Absente de la barre pour avoir fui aussitôt après son forfait, la dame Ndèye Arame Diop a été condamnée hier par la Cour d’assises de Dakar séant à Thiès qui l’a jugée par contumace. Aussi, retenant contre elle les faits pour lesquels elle est poursuivie, la Cour lui a infligé une peine de 10 ans de travaux forcés. Les faits remontent au 31 octobre 1997 quand les éléments de la brigade de gendarmerie de Mékhé ont été saisis par le sieur Aly Diop. Ce dernier leur fera savoir que sa fille Ndèye Arame Diop avait mis au monde un enfant qu’elle a enterré dans sa propre concession. Fait que les gendarmes constateront sur les lieux. En effet, ils découvriront derrière le bâtiment de la maison un trou dans lequel gisait le corps d’un bébé en état de putréfaction très avancé, enveloppé dans un pagne noir.
Devant les gendarmes enquêteurs Aly Diop, non voyant de son état, fera savoir que c’est par la rumeur publique qu’il avait appris que sa fille qui était enceinte ne portait plus sa grossesse. Et ce n’est qu’après, aidé par son fils Moussa Diop et son ami Ablaye Diop, qu’il entreprendra une fouille dans la maison. Cette dernière sera fructueuse puisqu’ayant permis de découvrir l’endroit où la femme avait enterré son enfant. Ces déclarations du père de famille seront confirmées par Moussa et son ami. Deux autres témoins Sokhna Diop et Khady Diop, co-épouses de la mère de l’accusée, affirmeront à leur tour que Ndèye Arame Diop était bien enceinte mais son père ignorait tout de son état. L’enquête révèlera aussi que la mise en cause était une femme mariée et mère de deux enfants mais aussi que son époux, émigré de son état, était absent du pays depuis quatre ans.
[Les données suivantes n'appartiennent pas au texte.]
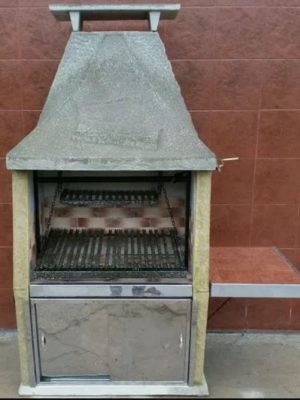 Parrilla de 1.05 mt piedra reforzada.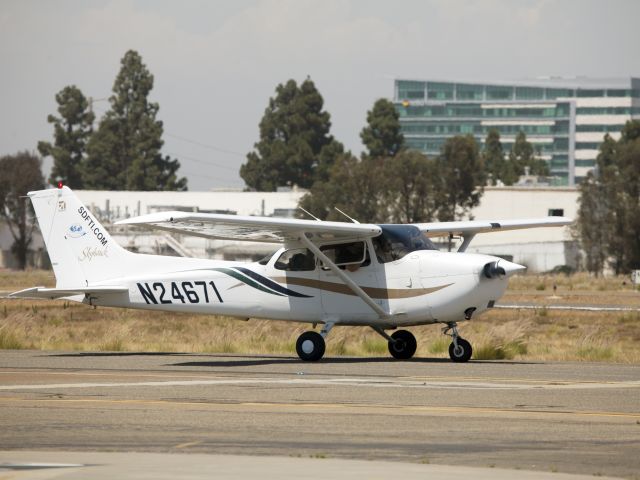 Cessna Skyhawk (N24671) - A hot day!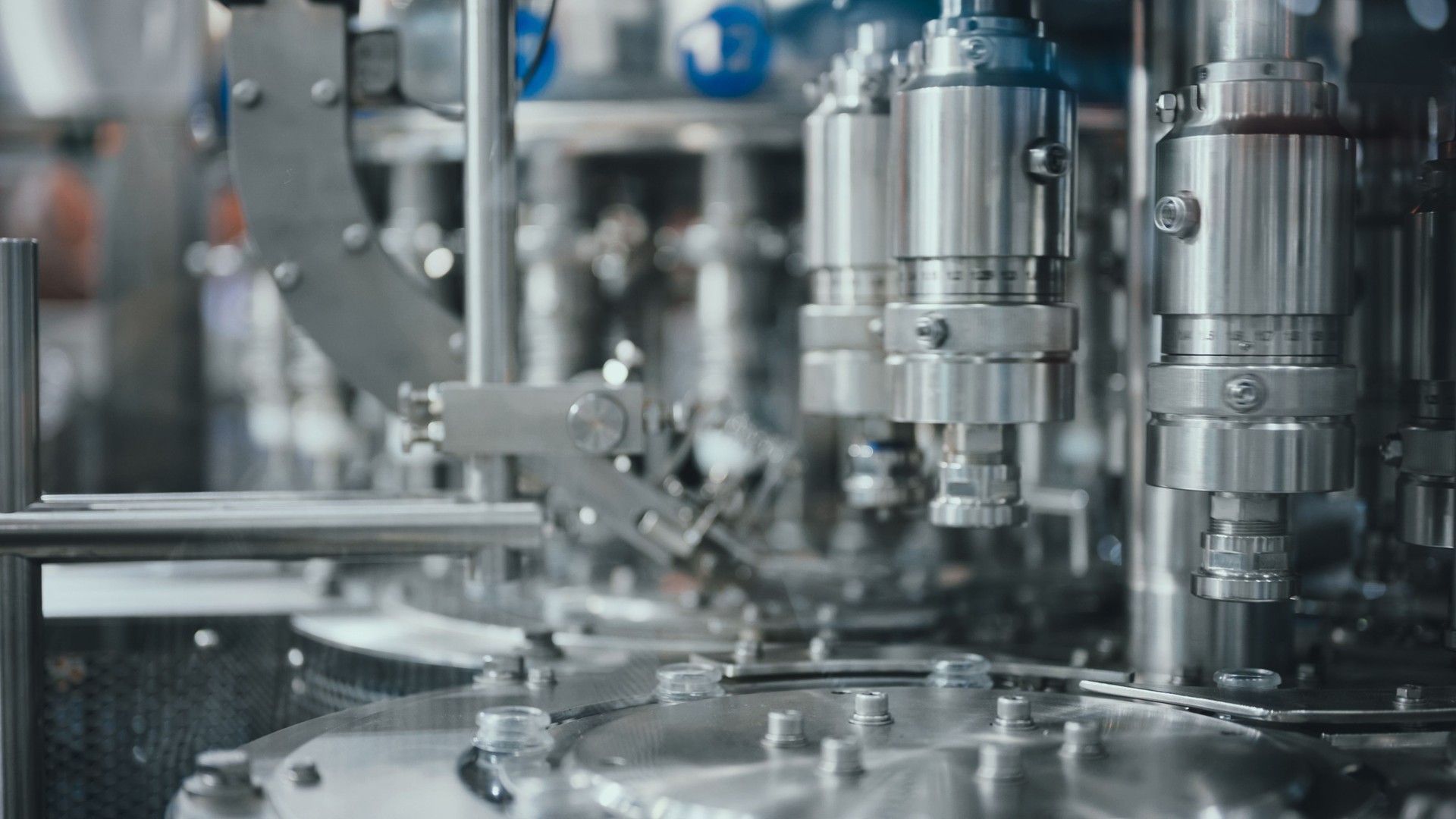 industrial bottling line with synchronized equipment for beverage production stainless steel automated bottling plant with synchronized filling machinery in clean factory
Au niveau du district sanitaire de Mékhé, où le corps du nouveau-né a été transféré, le certificat de genre de mort délivré par le médecin révèlera que l’enfant exhumé était de sexe féminin et né à terme. Mais qu’en l’état, il était difficile d’affirmer qu’il était vivant à la naissance. Les faits ainsi rapportés au magistrat instructeur, ce dernier lancera un mandat d’arrêt contre l’accusée. Un mandat d’arrêt qui ne sera jamais exécuté puisque Ndèye Arame Diop avait pris le soin de vider les lieux dès que la nouvelle de son forfait avait commencé à se répandre. Les recherches entreprises s’avèreront vaines.
Aussi et en l’absence de l’accusée, l’avocat général se fondant sur la constance des faits mais aussi des témoignages concordants, a requis contre Ndèye Arame Diop une peine de 10 ans de travaux forcés. Un réquisitoire qu’il appuie sur le fait que l’accusée avait toutes les raisons de se débarrasser d’un enfant né hors mariage. Mieux, argumentera-t-il, le fait qu’elle ait enterré clandestinement l’enfant témoigne de l’intention criminelle de l’accusée. La cour suivra dans sa délibération le réquisitoire de l’avocat général en retenant contre Ndèye Arame Diop le délit d’infanticide pour lequel elle est poursuivie et en la condamnant à une peine de 10 ans de travaux forcés.